Masih tentang cerita tentang umat di Ende, kadangkala kami suka mendapat tepukan meriah dari umat setelah kami selesai membawakan lagu post komunio. Saat-saat awal saya bangga tapi lama kelamaan saya berpikir sebetulnya ini adalah dosa meninggikan diri, jadi kadangkala tepukan meriah dari umat saya terima dengan gembira tetapi saya kubur dalam-dalam kegembiraan itu di hati, saya tidak ingin menampakkannya keluar karena saya takut akan berakibat dosa yakni meninggikan diri.

 Selesai misa biasanya Romo mengucapkan terima kasih dengan tulus dari atas altar, semua petugas ia sebutkan, termasuk dirigen dan organis, lalu para anggota koor mendapat tepukan dari umat. Saya sering kali terharu kalau melihat  umat bergembira karena mendapat ucapan terima kasih dari Romo. Menurut saya, ucapan terima kasih adalah pekerjaan kecil dan sederhana tapi mempunyai dampak yang besar. Sampai dengan sekarang setiap kali mendapat pujian, saya dengan rendah hati mengucapkan terima kasih dan tidak sekalipun menunjukkan bahwa saya bangga karena itu.

 Kelemahan saya adalah saya sama sekali tidak terikat dengan umat lingkungan yang saya layani. Tugas saya adalah mendampingi mereka mengiringi koor. Selesai dari itu hanya ada ucapan terima kasih dan sesekali kami berbicara sepatah dua kata, tidak lebih dari itu. Saya tidak terlibat secara emosional dengam mereka. Ketika datang ke tempat koor , mereka telah menyiapkan nomor lagu, orgen telah dibuka demikian juga buku misa sudah tertata dengan baik.
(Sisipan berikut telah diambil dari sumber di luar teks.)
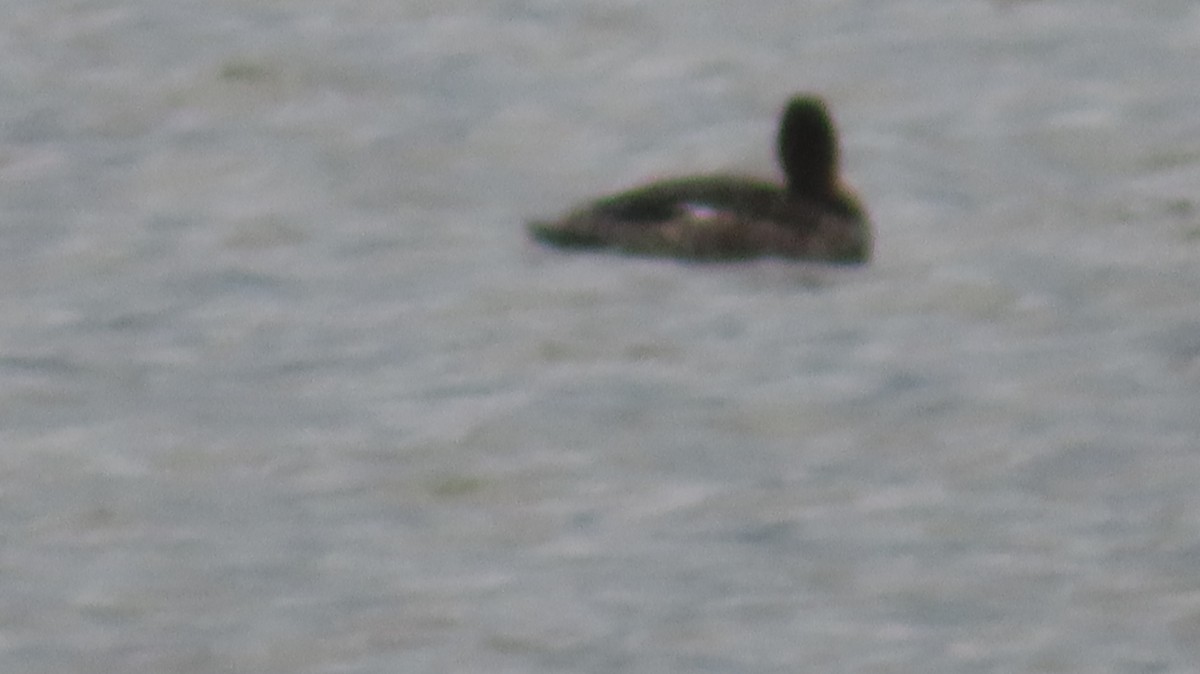 Red-breasted Merganser - ML617267389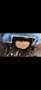 Volkswagen T6.1 Multivan 2.0 TDI 4 Motion Cruise Grau - thumbnail 22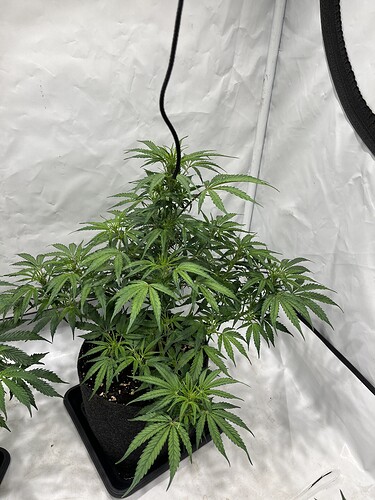 Growreport Bild 6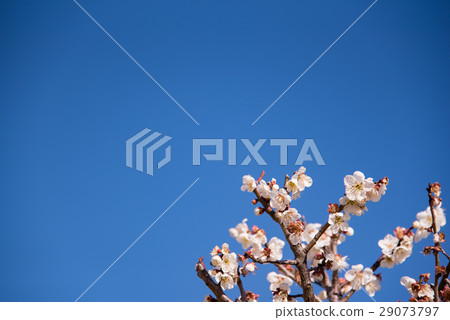 Plum blossoms in blue sky Nippori Hotel's plum garden Plum blossoms in blue sky Nippori Hotel's plum garden 29073797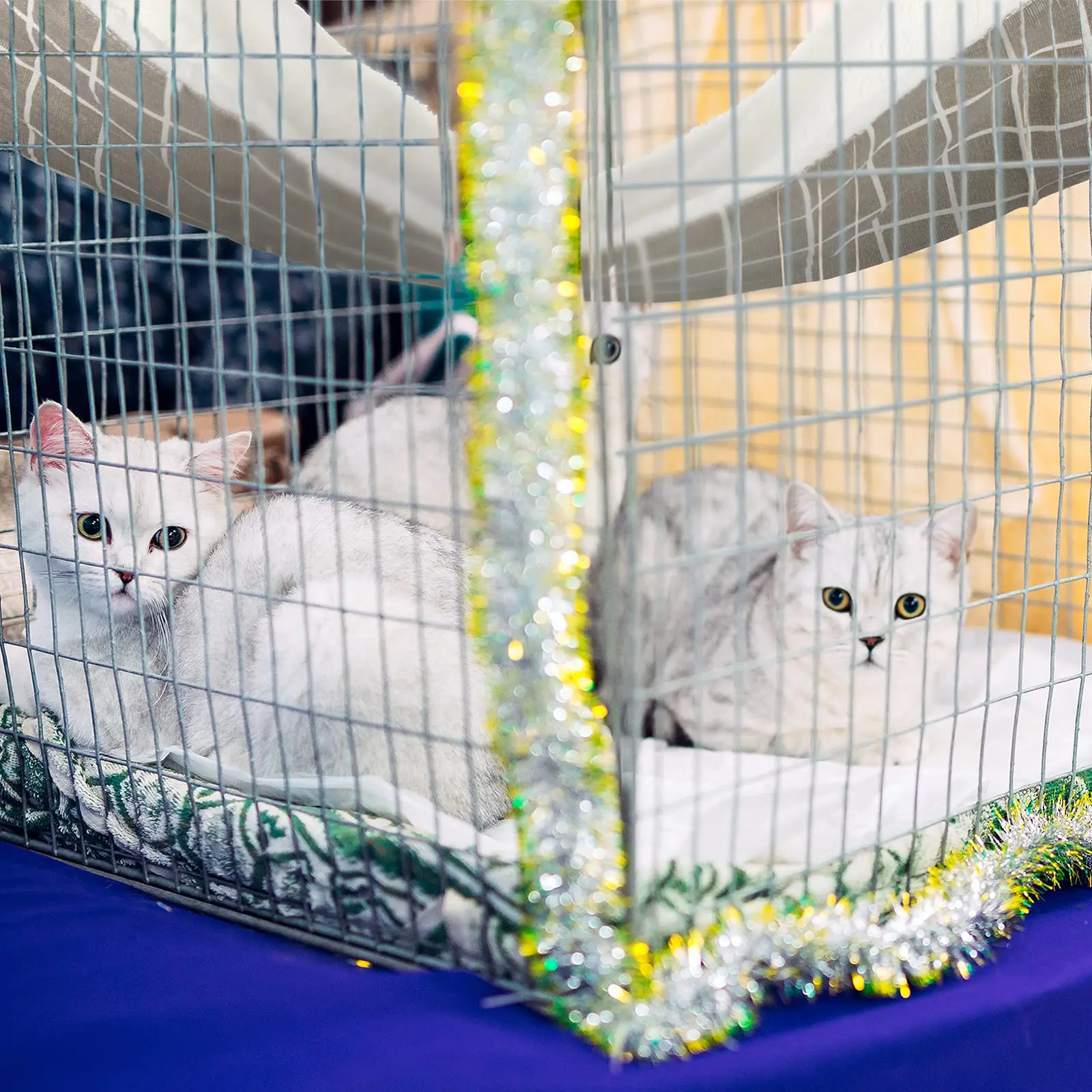 2 Pieces Reversible Cat Hanging Hammock Soft Breathable Pet Cage Hammock with Adjustable Straps Double Sided Hanging Bed ﻿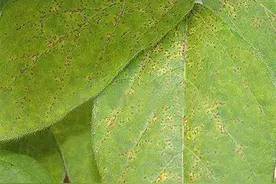 豆角长势良好，偏偏叶片上长出锈斑，应该如何预防解决？图片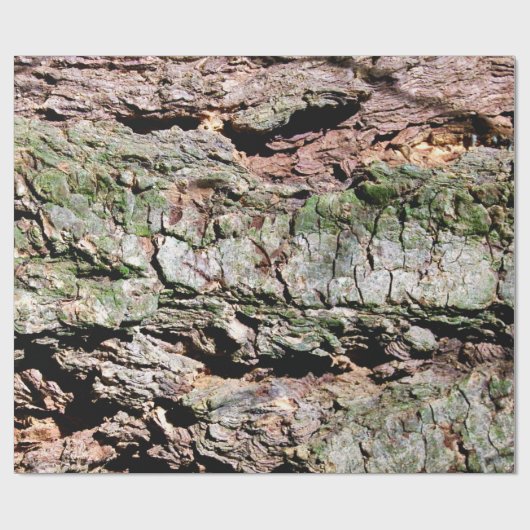 Boom Cadeaupapier (Vlak)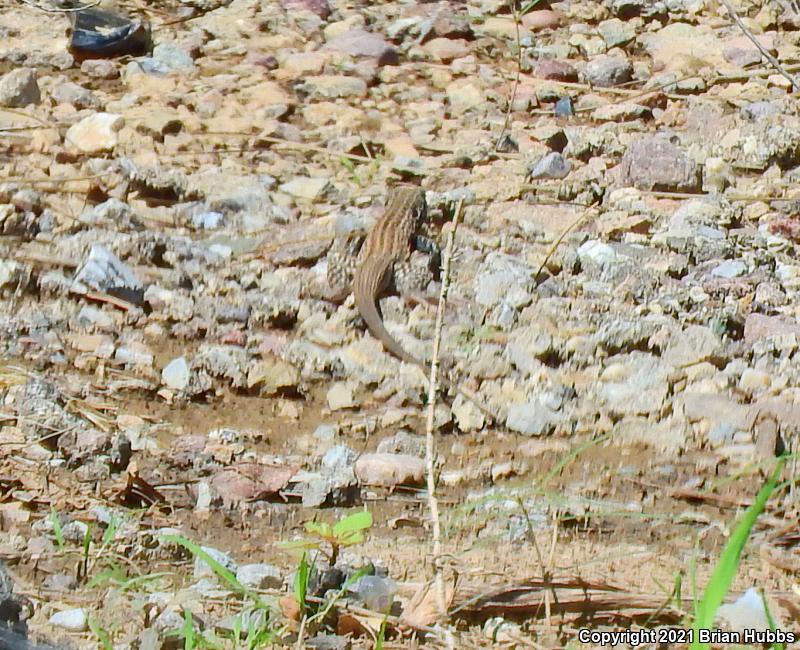 Southern Whiptail (Aspidoscelis tigris punctilinealis)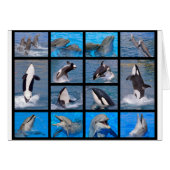 Dolphins and killer whales (Front Horizontal)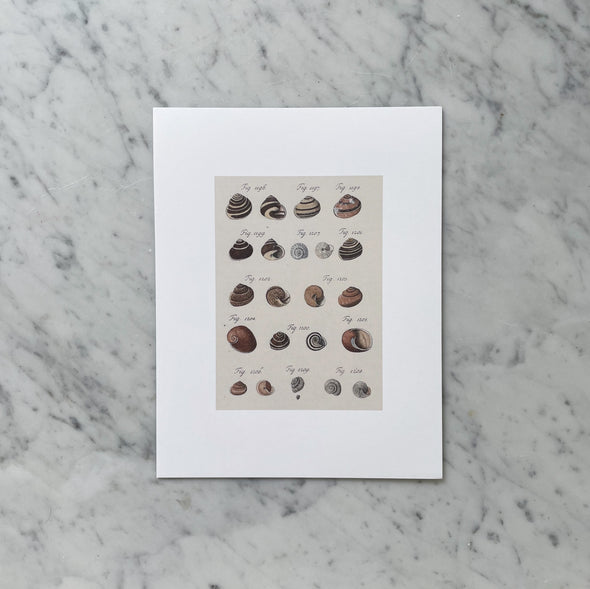 "Antique Shells II 1786" Print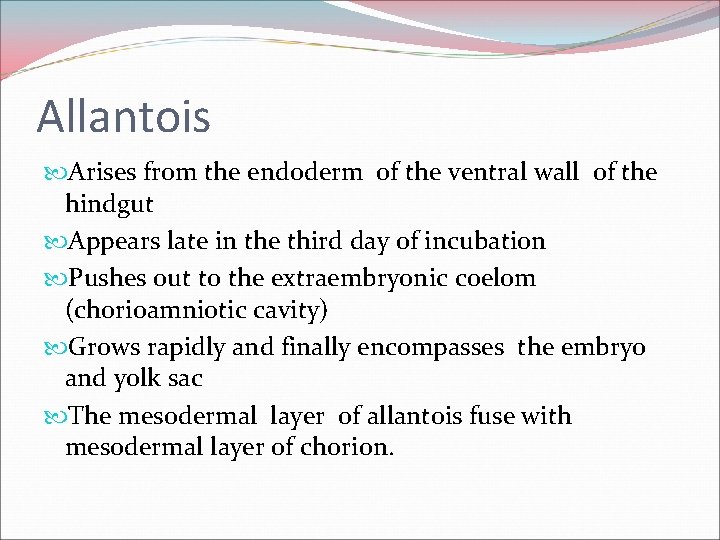 Allantois Arises from the endoderm of the ventral wall of the hindgut Appears late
Begitu saya datang, ngotak atik orgen dan misa mulai. Selesai itu ya selesai.

 Sebenernya kalau dipikir-pikir sayang ya, mestinya saya menjalin relasi dengan lebih mesra , ada percakapan-percakapan tertentu, ada ikatan emosional dengan berkunjung ke lingkungan dan sebagainya. Kalau saya ditanya, tadi yang bertugas kelompok dari mana? Sekian sering saya tidak bisa menjawab dengan pasti, saya hanya bisa menyebutkan anggota paduan sauara yang mungkin saya kenal lalu teman lain yang mengatakan oh, orang itu berarti dari lingkungan si anu, dan lain sebagainya. 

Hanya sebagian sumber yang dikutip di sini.